ドラゴンの町で支配していた魔王の幹部の部下を倒した結果、どこからか聞こえてきた『声』に魔王の幹部がいる城へこい、と誘われた。
しかも、私と小さなドラゴンの一人と一匹だけで。
小さなドラゴンは、まだ生まれて半年ばかりの幼い子供だった。
彼の名前はレッドといった。
彼の家族は反対したが、レッドは私と共に行くと言って聞かなかった。
たった二人だけの半年間の旅は、それは過酷なものだった。
異世界からやって来た人間と、幼いドラゴン。
行く先々で奴らの配下のモンスターに襲われ、心が折れそうになった時、励ましてくれたのはいつだって、共に旅をしたレッドだった。

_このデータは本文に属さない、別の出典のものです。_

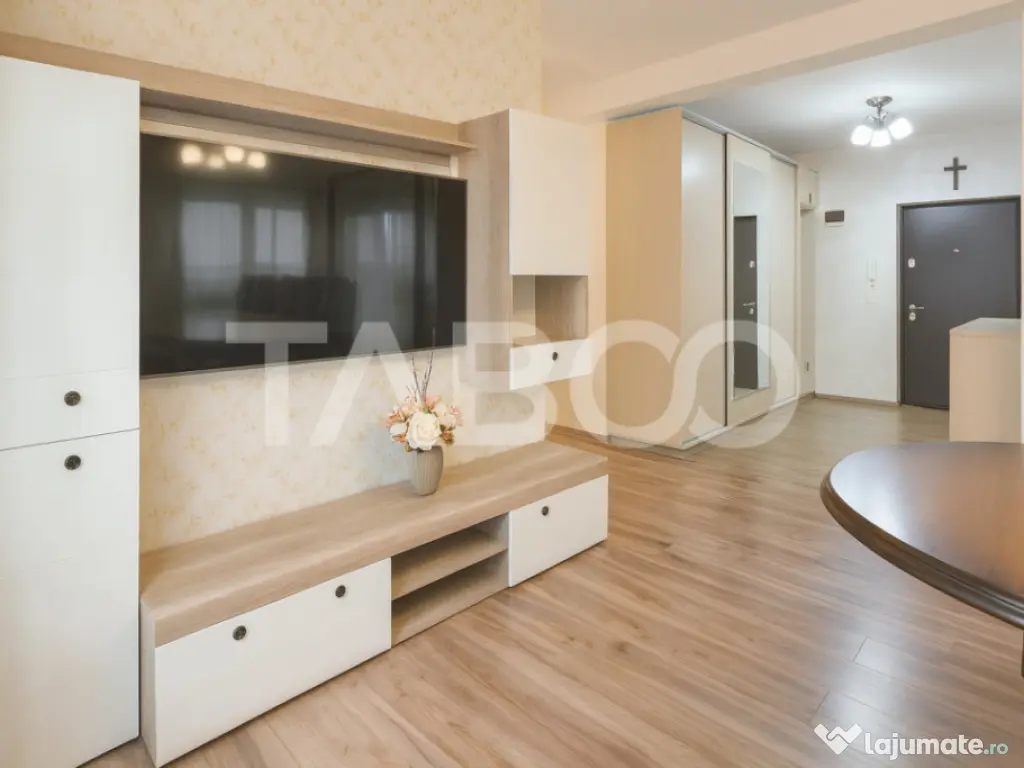 Apartament 3 camere de vanzare balcon terasa pivnita Arhitec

半年後、幹部をようやく倒した時に、レッドに言われた言葉は今でも覚えている。
「僕はあと二年もすれば、君を乗せて空を飛べるくらいには大きくなる。そうしたら、今度は僕が利子を助けに行くよ」
彼の言葉に、「期待してるよ」と返した。
ドラゴンの町にレッドを帰し、私の始めての大冒険は終わった。
その後も色々な騒動に巻き込まれていていたのもあって、あれ以来ドラゴンの町には足を踏み入れていない。